There are a few caveats to this. While BEAM is designed for a huge number of processes (like mucklet scripts), it’s inherently tail-recursive, i.e. it’s easy to explain the loop in terms of the erlang. You just call the function itself and that does not create a stack frame. You can’t easily do that in AssemblyScript that’s the reference script implementation, nor in e.g. rust (that I use). The other one is that GenServer has a neat concept of hibernation that allows you to reduce the memory footprint of a process significantly while it doesn’t do anything.

Should @Accipiter drop wasm and rewrite everything in erlang then? lol no. Can we learn from the industry? probably.

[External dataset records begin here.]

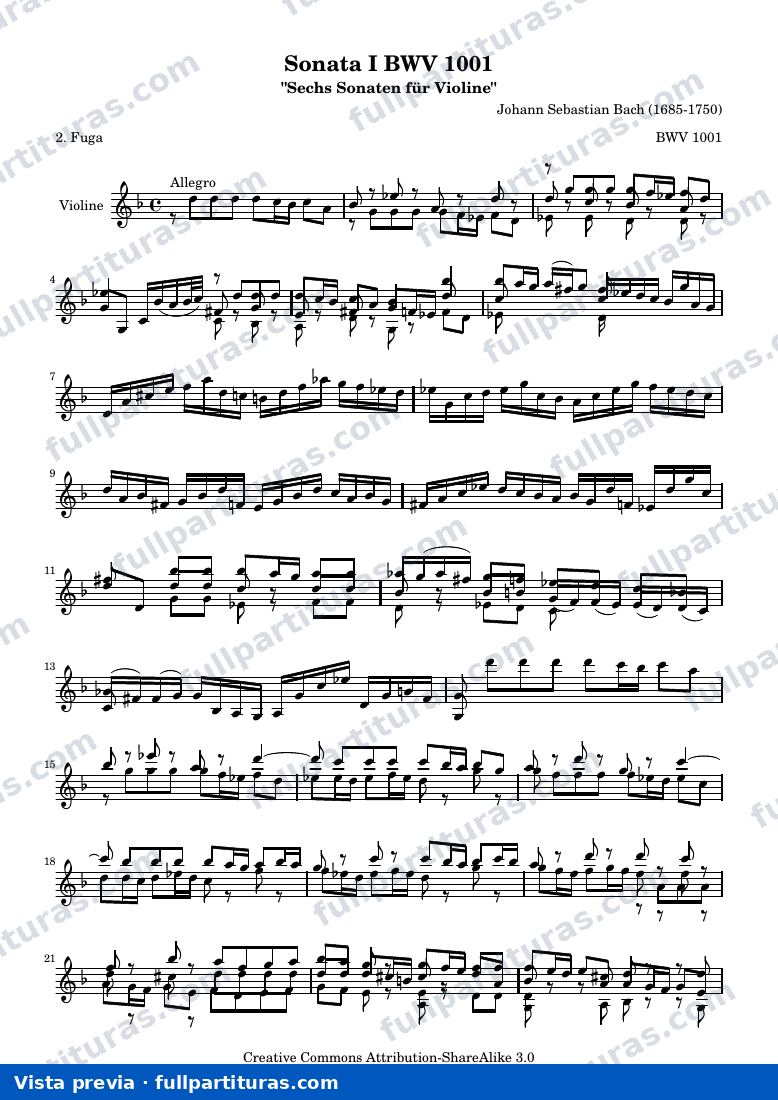 BWV 1001 Fuga — vista previa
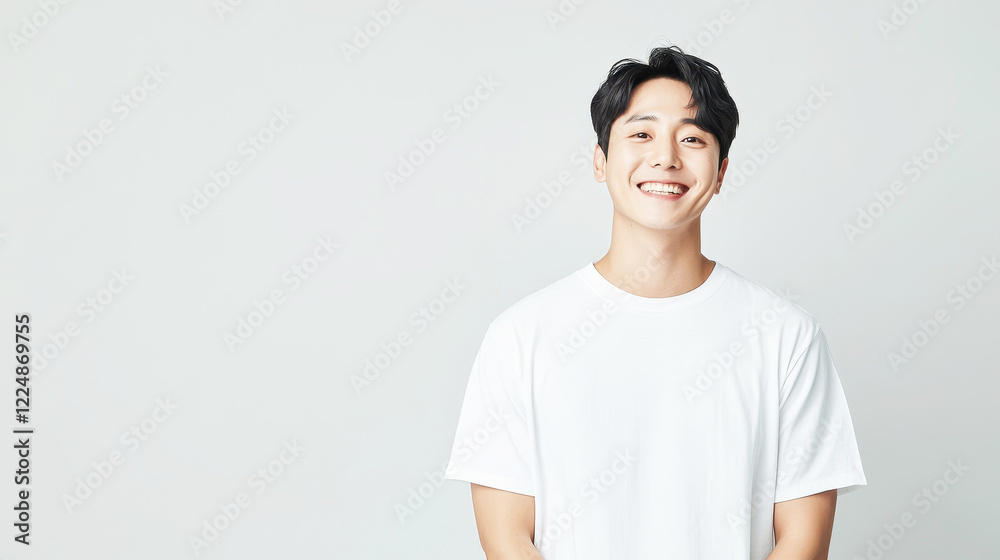 Smiling young man in white shirt against light background Smiling young man in white shirt against light background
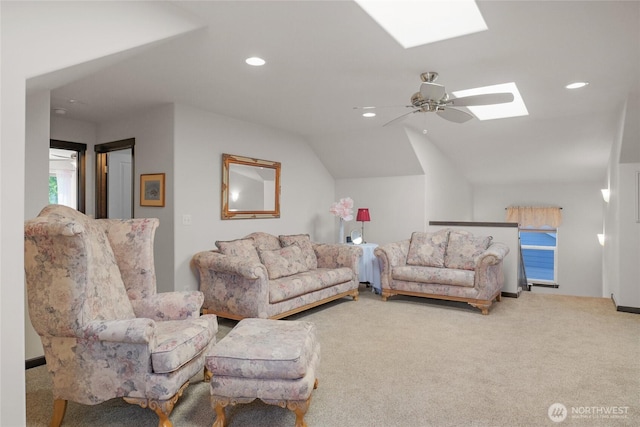 431 Timberland Loop, Mount Vernon, WA 98273 - living room with a skylight, carpet floors, recessed lighting, lofted ceiling, and a ceiling fan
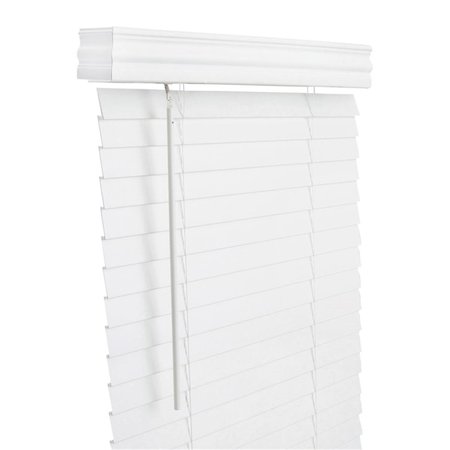 WORK-OF-ART Faux Wood 2 in. Mini-Blinds, 29 x 60 in. White Cordless WO2513722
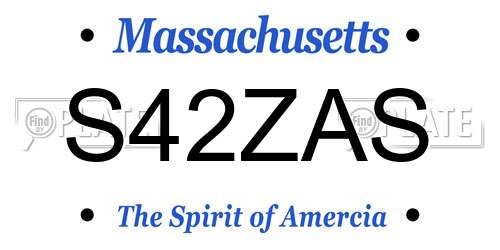 S42ZAS Massachusetts License Plate
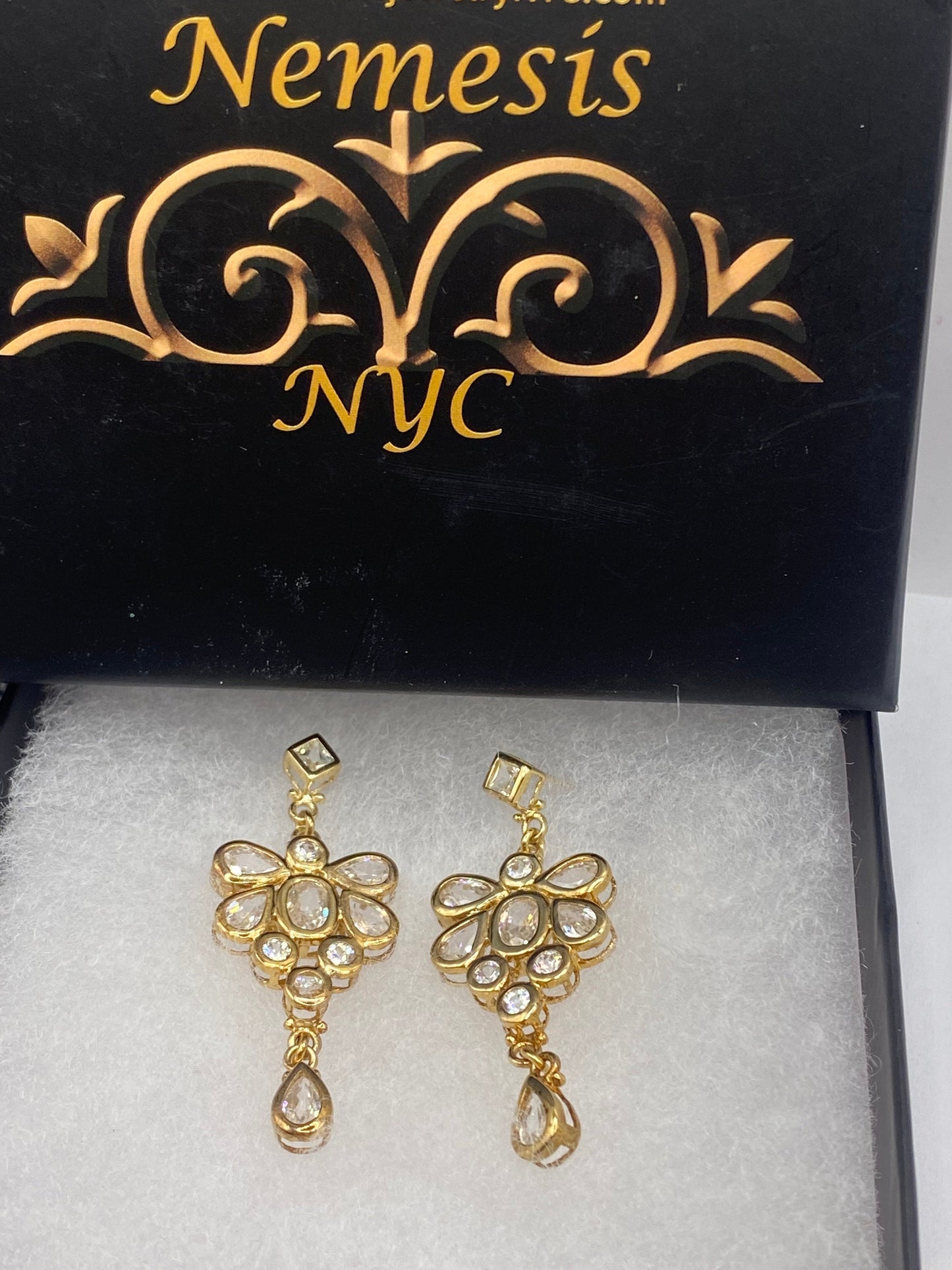 Vintage Clear Quartz Golden 925 Sterling Silver Dangle Chandelier Earrings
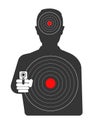 Targets on dangerous criminal black silhouette with gun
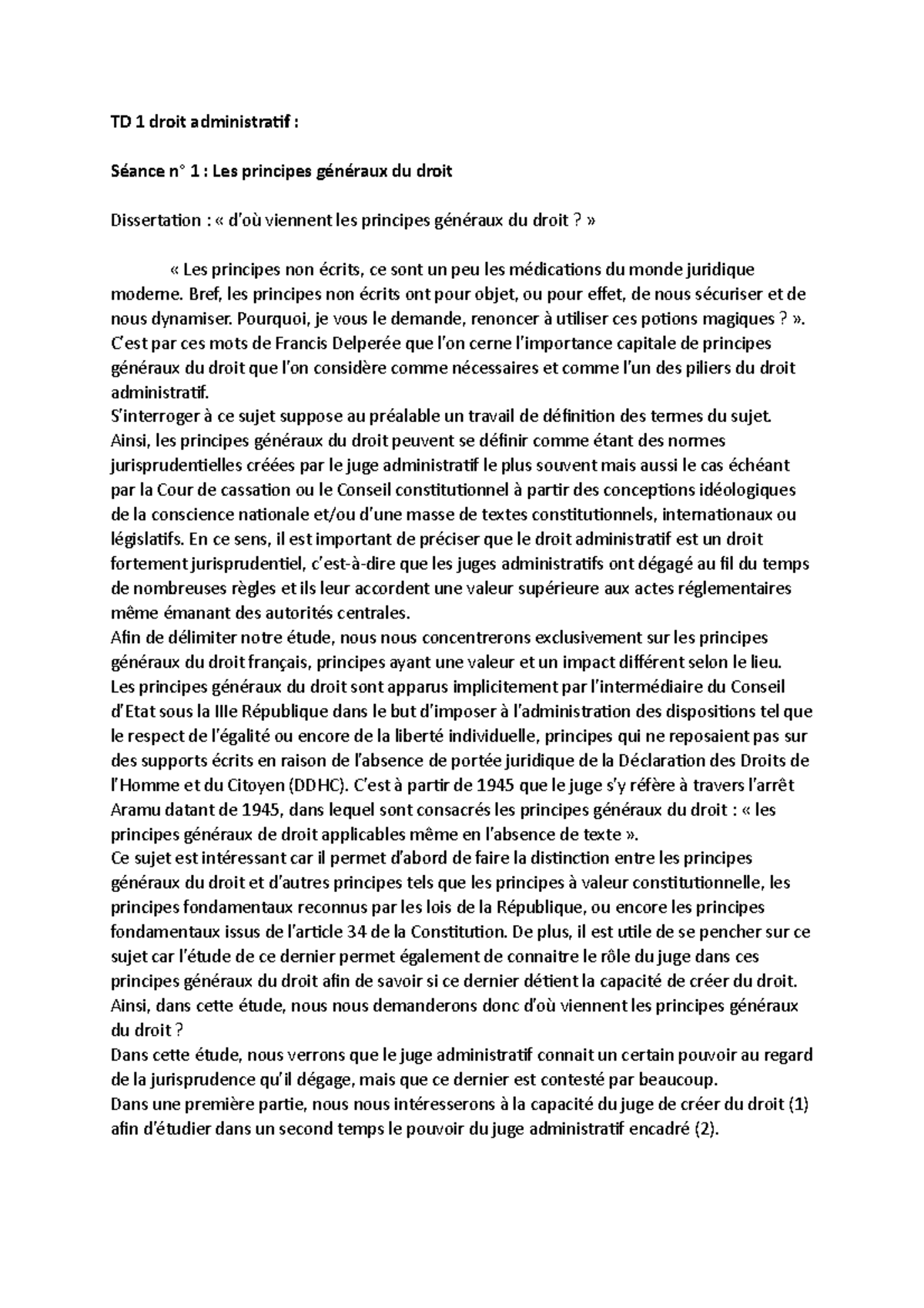 comment faire une dissertation en droit administratif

I’ve been tossing a bunch of ideas on the pile of what needs to be done but I’m not sure where the current priorities are. I think that having real IPC would be great but I am very aware that it’s not a weekend project.

As far as I’m concerned, the only limits I’ve been hitting lately are memory/cycles. God scripts use up a lot and there’s a lot going on to implement extra senses, inventory, trade, and NPC dialogue (groan) in a single piece of code. Other things are workable around.

At this point I’d say a huge benefit to scripting is global scripts with extra resources and capabilities, but I don’t think that’s exactly a wolfery use case, it’s more of a Shinyuu use case. A huge-ass global script removes the need of IPC by the sheer power of being omnipresent and omnipotent.

Wolfery? IDK. script DNS would be good. IPC would be good. better UI capabilities other than info/error would be good. That’s my take ofc.